Le sergent—au coupe-choux—avait été ranimé à grand renfort de kirsch, mais était incapable de fournir la moindre explication sur la nature de ses sensations—qu'on devinait seulement n'avoir pas été des plus agréables.

Que faire? Heureusement que l'administration a des principes qui lui servent de guide en toute circonstance. En celle-ci, la règle était simple, en référer à ses chefs.

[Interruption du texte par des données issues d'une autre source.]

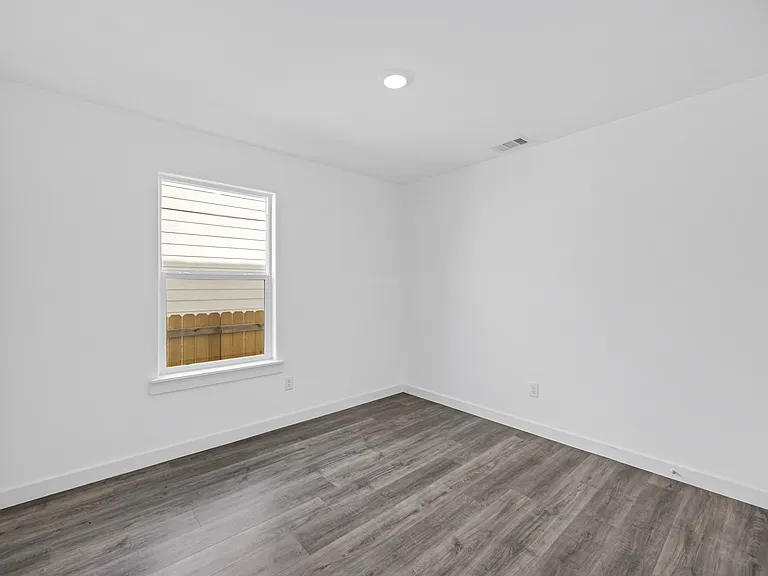 8635 Peachtree St #B — Photo 4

Le commissaire, résolu à suivre ce précepte dont l'observation le dégageait de toute responsabilité, se mit alors en devoir de recueillir tous les renseignements nécessaires pour dresser procès verbal, et en premier lieu, de décrire aussi exactement que possible l'objet mystérieux qui gisait là, à demi, aux trois quarts peut-être enfoui dans les pierres et le sable.

S'approchant avec toute la prudence compatible avec son courage civique, le magistrat dicta des notes à son secrétaire.

Le toit de l'objet, arrondi et rappelant vaguement la forme du casque allemand, reposait sur quatre colonnettes de métal, réunies elles-mêmes par des croisillons qui paraissaient d'argent, ou plus vraisemblablement de nickel. La forme générale était carrée.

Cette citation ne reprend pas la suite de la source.